From our anecdotal evidence, collective and collaborative projects simply sound expensive, time-consuming, complex and risky for funders. Actively and regularly supporting a community and nurturing communication and collaboration between participants on an ongoing basis sounds like it takes a lot of effort and money, and could have uncertain outcomes. We wanted to challenge this assumption.

The PECA Experiment and What We Discovered

Working with dozens of London households across Tower Hamlets, Hackney, Newham and The City, over 4 months in early 2021 we provided participants with a set of 15 PECA Challenges that they could carry out — any number of them and as often as they wished. These challenges are known, at scale, to improve air quality and reduce greenhouse gas emissions. For internal calculations, we converted each of these into a carbon equivalent which on its own is inaccurate and not very useful, but which enabled us to make comparisons between activities and participants of relative impact, scaled effects and perceptual complexity across different challenges.

15 PECA Challenges from ‘3mins shower’ to ‘Go Vegan’
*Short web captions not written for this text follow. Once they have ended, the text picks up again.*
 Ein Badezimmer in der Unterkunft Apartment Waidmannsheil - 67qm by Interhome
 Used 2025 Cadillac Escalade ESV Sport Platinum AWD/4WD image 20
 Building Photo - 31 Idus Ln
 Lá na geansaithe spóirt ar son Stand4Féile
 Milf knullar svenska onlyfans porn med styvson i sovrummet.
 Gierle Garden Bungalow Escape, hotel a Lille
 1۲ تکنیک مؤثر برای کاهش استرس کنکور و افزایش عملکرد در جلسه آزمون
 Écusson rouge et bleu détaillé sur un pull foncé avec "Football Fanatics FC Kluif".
For example, switching off lights all the time is easy but has relatively little impact on AQ at scale, while going vegan is perceptually more difficult but actually could have massive impact if we all made the change. Participants could choose one or more of these challenges (or none) and carry them out as often as they wished, reporting back on their progress each week.
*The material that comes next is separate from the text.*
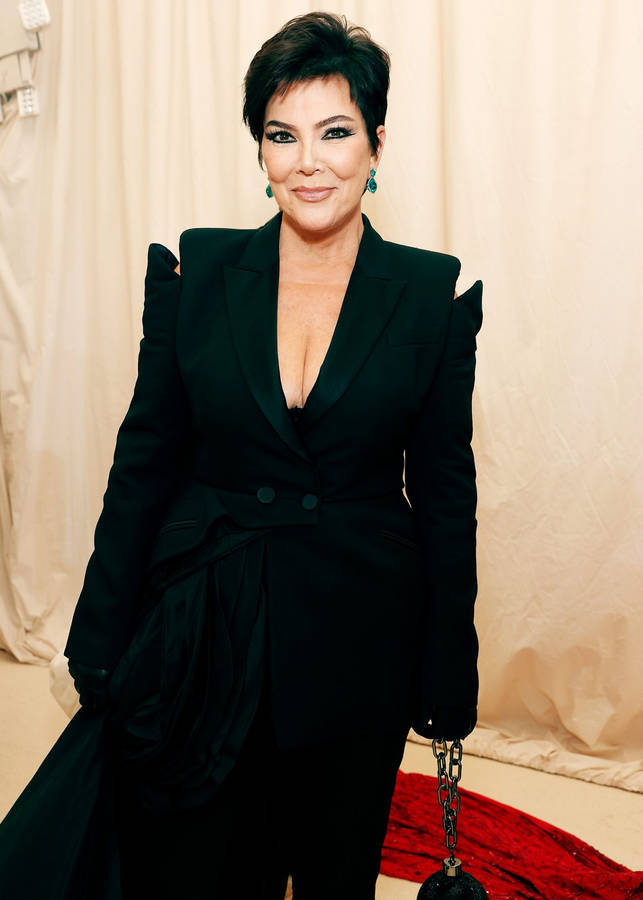 Caption: Kris Jenner At The Met Gala 2021 Wallpaper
Diagram of Control Group and Experimental Groups

Participants were placed in groups of 8 to 10, with each group designated as either Experimental (using a collective intelligence platform to communicate and collaborate) or Control (no communication).
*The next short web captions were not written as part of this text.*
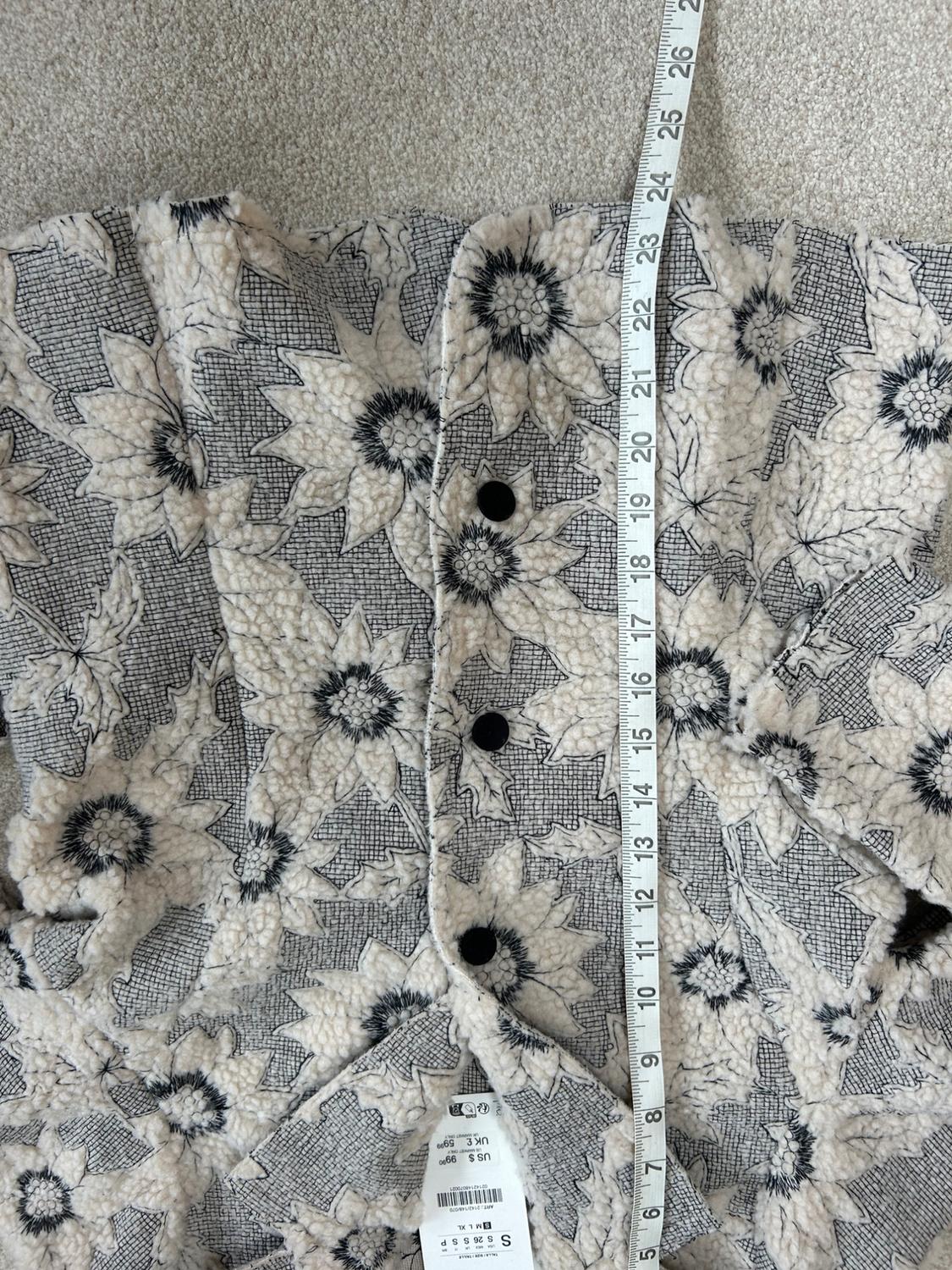 BRAND NEW EMBOSSED FLORAL JACKET/BLAZER - Image 7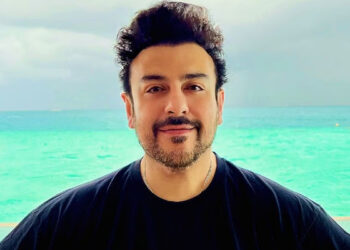 ഞങ്ങള്‍ പാക്  പൗരത്വം മാറ്റാന്‍ ആഗ്രഹിക്കുന്നു!!! പാകിസ്ഥാന്‍ സൈന്യം ഞങ്ങളുടെ രാജ്യം നശിപ്പിച്ചു…   ഗായകന്‍ അദ്‌നാന്‍ സാമിയുടെ വീഡിയോ വൈറലാകുന്നു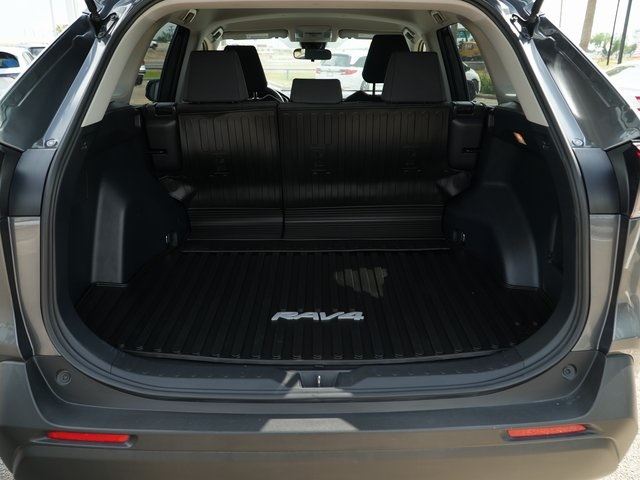 Vehicle image 10 of 35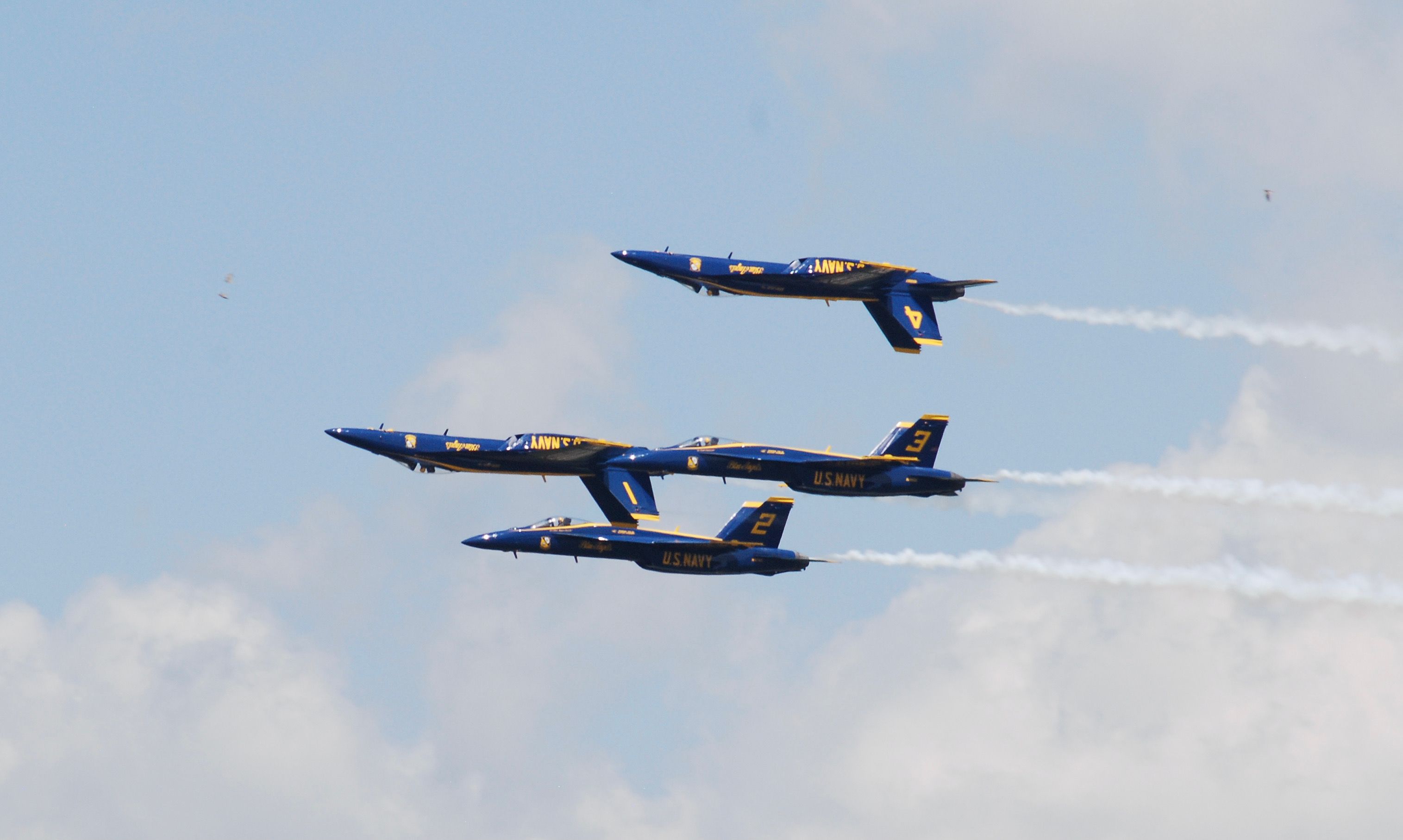 — — - Blue Angel practice 07/14/22 for Thunder Over Michigan Airshow.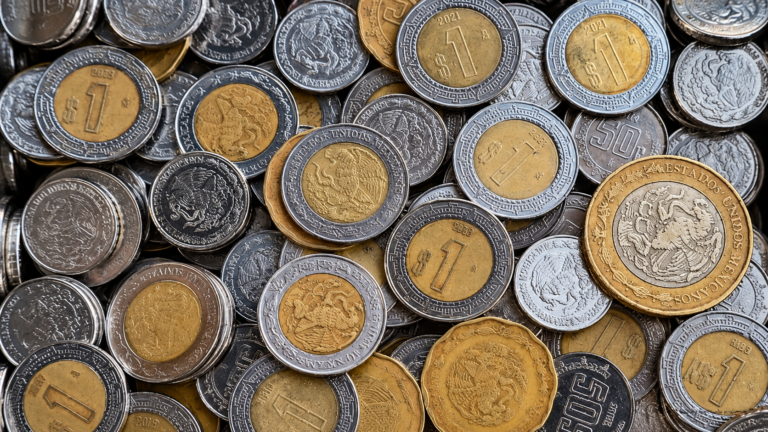 Montón de monedas mexicanas en primer plano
Each week, participants reported back to us on their progress with their challenges (and whether they wanted to change or drop) and in turn got a weekly summary of their group’s collective efforts. Unlike the Control group, Experimental groups were able to use our custom-designed Pollution Explorers SMS group messaging platform to communicate and share experiences, and also had a monthly zoom call when they could meet and talk directly with others in their group. They could also decide how they would interact and collaborate (or even compete if they felt it useful). We then tracked each group’s results on a weekly basis for the duration of the experiment.

Our analysis showed that the Experimental groups adhered to challenges longer, tended to adopt more impactful challenges, took on a wider variety of challenges and, over time carried out more challenges simultaneously each week than the Control group. While the Experimental groups were more expensive to run on a per-participant basis (taking more management time, incurring more network fees and infrastructure costs), the calculated impact per £ spent they had was almost double that of Control group participants.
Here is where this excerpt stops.